Supplied data:
════════

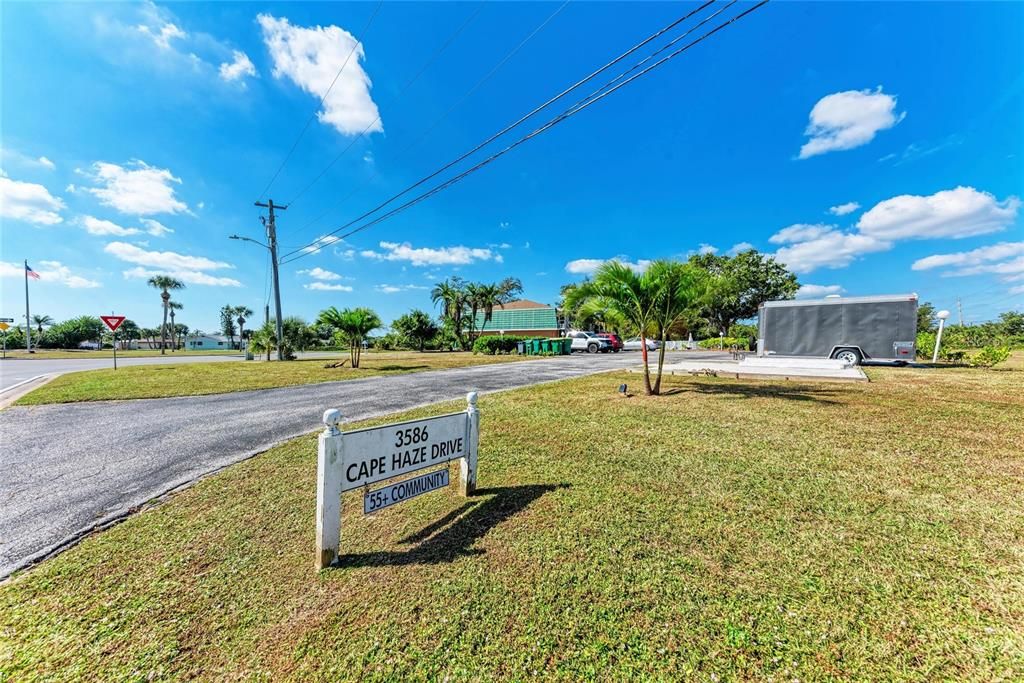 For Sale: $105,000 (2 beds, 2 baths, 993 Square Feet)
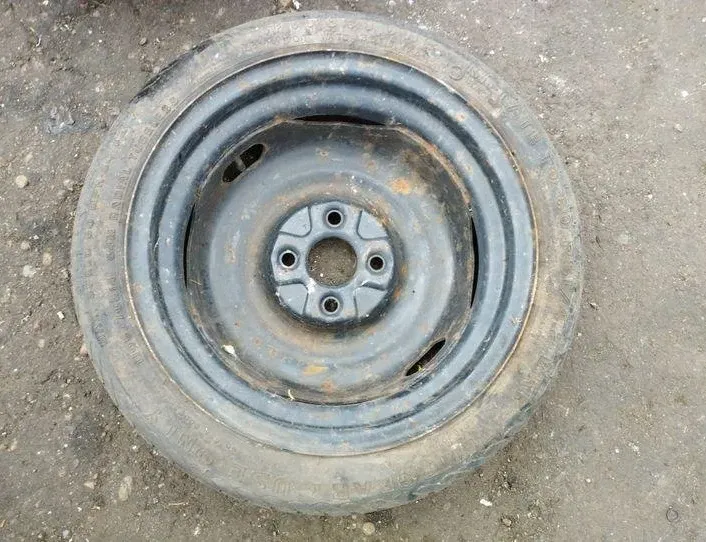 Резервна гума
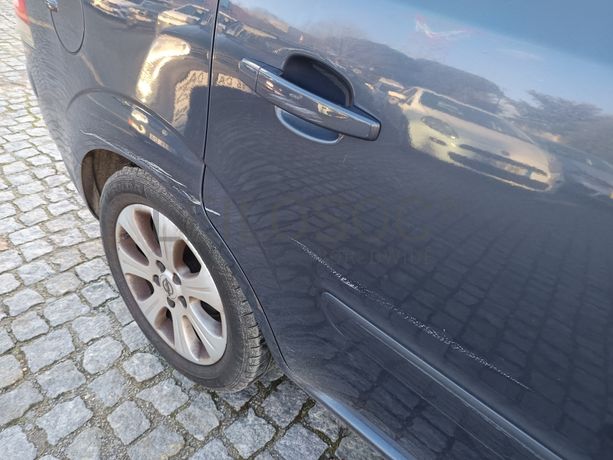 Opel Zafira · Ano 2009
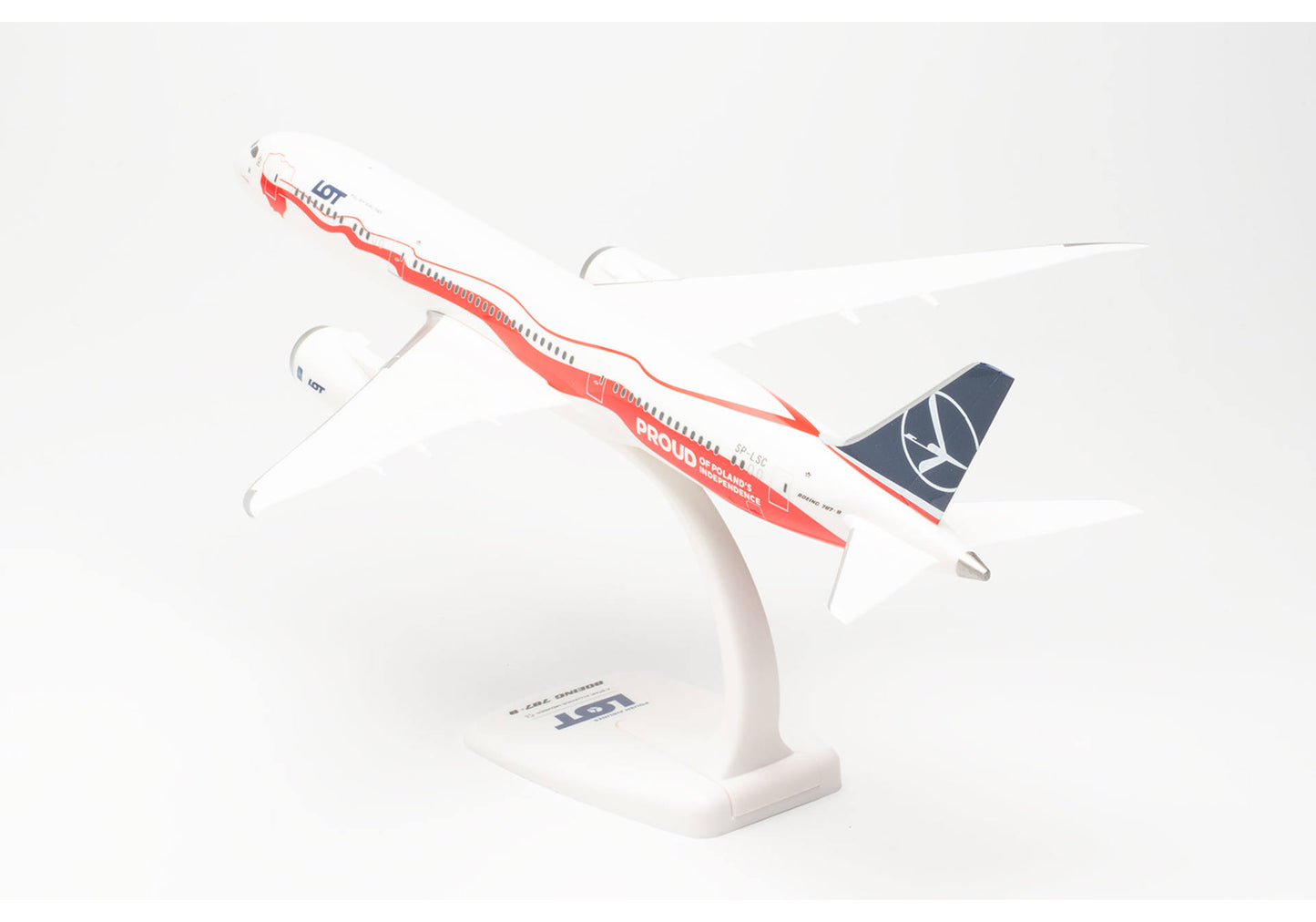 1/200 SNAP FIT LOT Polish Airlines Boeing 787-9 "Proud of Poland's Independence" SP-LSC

════════

Task directions:
Return the listing above unchanged, apart from dropping its pictures.

Response for this exercise:
 For Sale: $105,000 (2 beds, 2 baths, 993 Square Feet)
 Резервна гума
 Opel Zafira · Ano 2009
 1/200 SNAP FIT LOT Polish Airlines Boeing 787-9 "Proud of Poland's Independence" SP-LSC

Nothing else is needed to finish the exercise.